It was a surprise for me that the same Neil Gafter, co-author of the original Java puzzlers, now works at Microsoft on .Net runtime. It was also a surprise to see a report about the CLR (the so-called .Net runtime) on the JVM LS. But to get acquainted with the experience of colleagues from other worlds is always useful. The report talks about the varieties of references and pointers in the CLR, about the bytecode instructions used for value types, and about how beautifully specialized generalized functions like reduce. It was interesting to learn that one of the goals of value types in .Net is an interop with native code. Because of this, the location of fields in value types is strictly fixed and can be projected onto a structure without transformations. The JVM has never had such a task, and what to do with the native interop - see below.

Vladimir Ivanov and John Rose - Vectors and the Numerics on the JVM

Again update last year's report . Again, the question of why they still haven’t released anything, if a year ago everything looked quite good.

A vector is a collection of several numbers, which in iron can be represented by a single vector register like zmm0 for AVX512. In vectors, you can load data from arrays, perform operations on them like element-wise multiplication, and throw them back. All operations for which there are processor instructions are intrinsized by the JIT compiler into these instructions. The number of operations is simply huge. If something is missing, an alternative slow implementation is used. Vector intermediate objects are ideally not created; escape analysis works. All standard computing algorithms are vectorized with a bang, using all the power of your processor.

Unfortunately, it’s hard for the authors without valgalla: the escape analysis is fragile and might not work easily. These vectors simply must be inline classes, then all problems will disappear. It is unclear whether this API can even be released before the first version of Valgalla.
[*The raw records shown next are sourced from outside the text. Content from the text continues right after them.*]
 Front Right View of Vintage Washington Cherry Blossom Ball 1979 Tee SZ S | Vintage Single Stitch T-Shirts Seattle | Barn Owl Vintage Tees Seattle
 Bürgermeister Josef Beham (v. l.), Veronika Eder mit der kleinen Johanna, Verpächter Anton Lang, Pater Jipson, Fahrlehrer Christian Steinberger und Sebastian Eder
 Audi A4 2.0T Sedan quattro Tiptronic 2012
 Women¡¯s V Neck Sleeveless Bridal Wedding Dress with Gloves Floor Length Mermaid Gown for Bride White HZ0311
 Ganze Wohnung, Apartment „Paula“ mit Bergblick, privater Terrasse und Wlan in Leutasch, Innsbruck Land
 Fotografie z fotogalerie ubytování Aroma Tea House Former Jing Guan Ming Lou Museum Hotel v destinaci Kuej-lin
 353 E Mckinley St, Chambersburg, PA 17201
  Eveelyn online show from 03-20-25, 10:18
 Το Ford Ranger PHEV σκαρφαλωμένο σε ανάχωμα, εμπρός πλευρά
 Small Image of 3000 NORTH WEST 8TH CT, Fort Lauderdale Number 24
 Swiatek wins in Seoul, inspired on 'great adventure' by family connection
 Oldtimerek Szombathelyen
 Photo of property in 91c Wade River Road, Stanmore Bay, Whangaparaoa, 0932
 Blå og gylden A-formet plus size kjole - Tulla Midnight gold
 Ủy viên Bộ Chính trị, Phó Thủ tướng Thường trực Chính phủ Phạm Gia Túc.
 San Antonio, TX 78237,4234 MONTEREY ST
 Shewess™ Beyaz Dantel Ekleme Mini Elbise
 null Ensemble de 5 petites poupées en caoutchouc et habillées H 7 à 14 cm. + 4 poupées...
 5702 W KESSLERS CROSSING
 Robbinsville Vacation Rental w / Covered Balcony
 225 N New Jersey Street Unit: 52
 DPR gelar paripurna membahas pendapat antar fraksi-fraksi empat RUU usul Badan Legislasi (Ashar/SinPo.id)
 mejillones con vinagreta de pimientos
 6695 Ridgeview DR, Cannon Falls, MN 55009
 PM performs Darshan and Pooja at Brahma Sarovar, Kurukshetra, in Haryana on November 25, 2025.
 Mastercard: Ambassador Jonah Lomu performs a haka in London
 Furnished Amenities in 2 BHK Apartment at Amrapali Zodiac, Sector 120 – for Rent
It seems much more ready. Among the problems called difficulties with the support of the code. There are many repeating pieces for different sizes of registers and different types of data, so most of the code is generated from templates and it hurts to maintain it.

The use is also imperfect. There is no operator overload in Java, so the math looks ugly: instead of max(va-vb*42, 0) you have to write va.lanewise(SUB, vb.lanewise(MUL, 42)).lanewise(MAX, 0) . It would be nice to have access to AST lambdas like in C #. Then it would be possible to generate a custom lambda operation like MYOP = binOp((va, vb) -> max(va-vb*42, 0)) and use it.

July 30th

The second day passed under the flag of compilation.

Mark Stoodley - From AOT to JIT and beyond!

An IBM employee, a member of the JVM OpenJ9 project, talks about their experience with JIT and AOT compilation. There are always problems: JIT is a slow startup, because it’s warming up; CPU costs for compilation. AOT - suboptimal performance due to lack of a profile (it is possible to profile, but non-trivially and not always the profile at compilation matches the profile at execution), it is more difficult to use, bind to the target platform, OS, garbage collector. Some of the problems can be solved by combining approaches: starting with AOT-compiled code and then finishing off with JIT. A good alternative to all of this is caching JIT. If you have many virtual machines (hello, microservices), they all turn to a separate service - the JIT compiler (yes, JITaaS), where everything is like an adult, orchestration, load balancing. This service compiles. Quite often, he can give ready-made code to a certain method, because this method has already been compiled on another JVM. This greatly improves warm-up, removes resource consumption from your JVM service, and generally reduces total resource consumption.

In general, JITaaS could be the next buzzword in the JVM world. Unfortunately, I didn’t catch whether this could be played right now or is it still a closed development.

Christian Wimmer - Improving GraalVM Native Image

GraalVM Native Image is a Java application compiled into native code that runs without the JVM (unlike modules compiled using an AOT compiler like jaotc). More precisely, this is not quite a Java application. To work correctly, he needs a closed world, that is, all code should be visible at the compilation stage, no Class.forName. You can reflection and method handles, but when you compile you have to specifically tell which classes and methods will be used through reflection.

Another fun thing is class initialization. Many classes are initialized during compilation. That is, say, your static fields will be computed by default by the compiler and the result will be written to the assembled image, and when you start the application, it is simply read. This is required in order to achieve better compilation quality: any constant folding can be done if the values ​​of the static fields are known to the compiler. Everything is fine with JIT, the interpreter performs static initialization, and then, knowing the constants, you can compile. And when building a native application, you have to trick. This, of course, leads to fun psychedelic effects. So classes are usually initialized in the order they are accessed, and at compile time this order is unknown and initialization in another is possible. If there are circular references between class initializers, you can see the difference in the behavior of the JVM code and in the native image.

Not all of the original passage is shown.